| What this task involves |
The lines below must be transcribed exactly as given, with the images removed.

| Stored data |
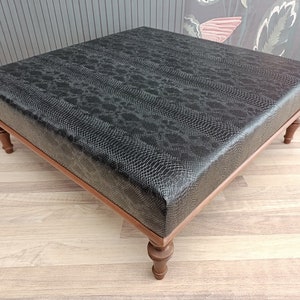 Leather coffee table, Cockatail table, Center table, Ottoman table, Retro tea table, Nesting table, Accent table, Short table, 36x36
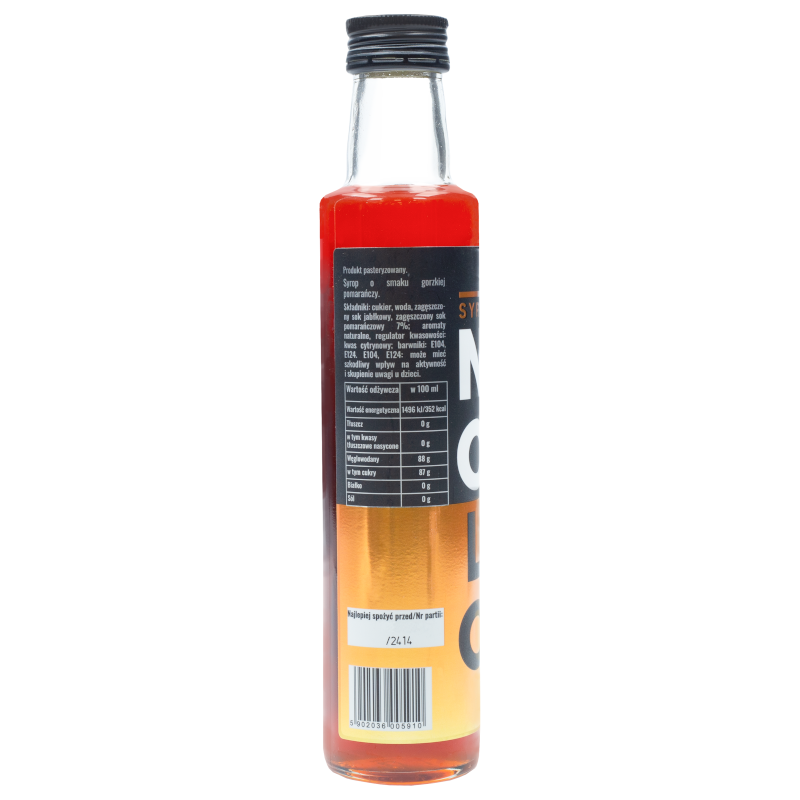 NOLO Syrop Aperitif bezalkoholowy 250 ml – gorzka pomarańcza.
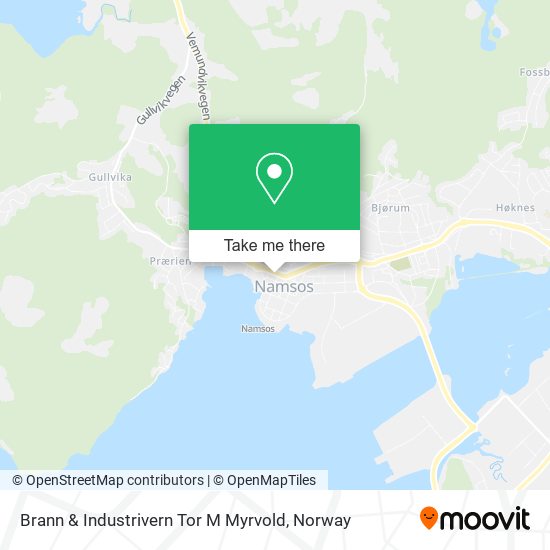 Brann & Industrivern Tor M Myrvold map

| Solution to this exercise |
 Leather coffee table, Cockatail table, Center table, Ottoman table, Retro tea table, Nesting table, Accent table, Short table, 36x36
 NOLO Syrop Aperitif bezalkoholowy 250 ml – gorzka pomarańcza.
 Brann & Industrivern Tor M Myrvold map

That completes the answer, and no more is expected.